Katalanische Unabhängigkeitsbestrebungen: Aufstand wird zu Unordnung

Der Aufstandsparagraf wurde gegen die Organisatoren des katalanischen Referendums 2017 angewandt. Jetzt soll er abgeschafft werden.

Ministerpräsident Sanchez lächelt in die Kamera.

Kein Aufstand in Sicht: Spaniens Ministerpräsident Pedro Sánchez Foto: Piroschka van de Wouw/reuters

MADRID taz | Der umstrittene Aufstandsparagraph im spanischen Strafgesetzbuch verschwindet. Die Regierungskoalition aus Sozialisten und Linksalternativen unter Ministerpräsident Pedro Sánchez hat am Freitag ein Gesetzentwurf auf den Weg gebracht, der den „Aufstand“ durch „schwere öffentliche Unordnung“ ersetzen wird. Die Höchststrafe für Aufstand waren 15 Jahre Haft, für die „schweren Unruhen“ werden es nur noch fünf Jahre sein. Es gehe der Regierung darum, „das Delikt des Aufstandes durch einen Straftatbestand zu ersetzen, den andere europäische Demokratien ebenfalls kennen“, erklärt Sánchez.

Sánchez setzt damit ein Wahlversprechen um. Eine Mehrheit im Parlament gilt als sicher. Denn außer den beiden Parteien der Minderheitsregierung kann Sánchez mit den Stimmen nationalistischer Parteien aus dem Baskenland und Katalonien, sowie kleinerer linker Formationen rechnen.

2018 waren neun Unabhängigkeitspolitiker und -aktivisten aus Katalonien zu bis zu 13 Jahren wegen Aufstand und Veruntreuung verurteilt worden. Das Vergehen der mittlerweile Begnadigten: Sie hatten in ihrer nord-ost-spanischen Heimat am 1. Oktober 2017 trotz Verbot aus Madrid ein Unabhängigkeitsreferendum abgehalten. Bis auf wilde Polizeieinsätze gegen wartende WählerInnen blieb dies völlig friedlich. Dennoch wertete das Oberste Gericht den Wahltag als Aufstand.

Im restlichen Europa stieß dies bei den Juristen auf Unverständnis. Mehrere Politiker, die den Weg ins Exil angetreten hatten, werden von der spanischen Justiz wegen eben jenes vermeintlichen Aufstandes mit europäischem Haftbefehl gesucht, darunter der einstige Präsident der katalanischen Regierung Carles Puigdemont, der in Brüssel lebt und einen Sitz im Europaparlament innehat. Sowohl deutsche als auch belgische, schottische und schweizer Richter lehnten eine Auslieferung der Beschuldigten ab. Einen Aufstand wollten sie einfach keinen ausmachen.

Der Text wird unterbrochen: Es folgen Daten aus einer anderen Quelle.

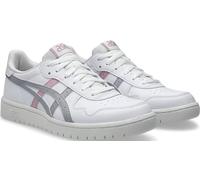 ASICS 1202A118-134 Contend 9 PS Mujer White/Piedmont Grey EU 44.5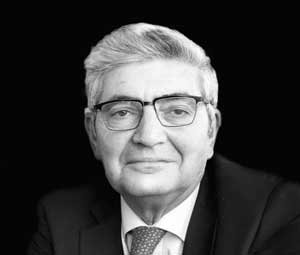 Giancarlo Piovaccari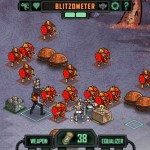 Skyshines BEDLAM Free Download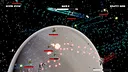 Crush The Rebellion! Screenshot 5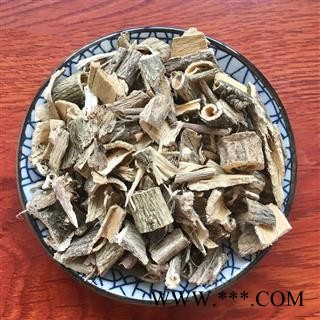 瑞森药材行 木槿皮 川槿皮 白槿皮 芦树皮 槿树皮 碗盖花皮图4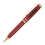 Custom PW-215P Twist Action Pencil (0.9Mm Lead), Price/each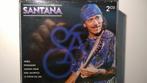 Santana - Santana, Ophalen of Verzenden, Zo goed als nieuw, Poprock
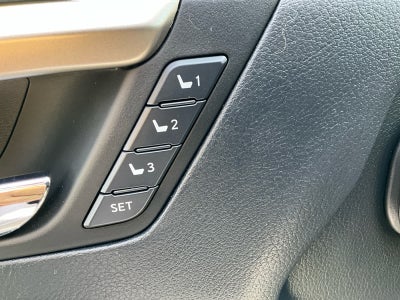 2019 Lexus RX 350 RX 350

Die rechtsextreme VOX nennt Sánchez „Verräter“

Die Reaktion auf die Gesetzreform in der rechten Opposition fällt heftig aus. Alberto Nuñez Feijóo, Chef der stärksten Oppositionspartei wirft Sánchez „historische Verantwortungslosigkeit“ vor, er würde „seine politischen Interessen über die Spaniens“ stellen. Soll heißen, Sánchez ändere das Gesetz, um sich die Unterstützung der Katalanen bei der anstehenden Haushaltsabstimmung zu sichern.

Die rechtsextreme VOX – drittstärkste Partei im spanischen Parlament – geht noch einen Schritt weiter und beschimpft den Ministerpräsidenten gar als „Verräter“. Und für die rechtsliberalen Ciudadanos hat Sánchez „keinerlei Skrupel“.

In Katalonien stößt die Reform auf geteilte Meinungen. Sie sei ein Schritt „den Konflikt zu entjustizieren“ – also aus den Gerichten zurück auf die politische Ebene zu bringen – erklärt der katalanische Regierungschef Pere Aragonès von der Republikanischen Linken Kataloniens (ERC). Er will auf Madrid zugehen und verhandeln. Sein Ziel ist ein erneutes Referendum in beiderseitigem Einverständnis. Sánchez lehnt dies allerdings strikt ab.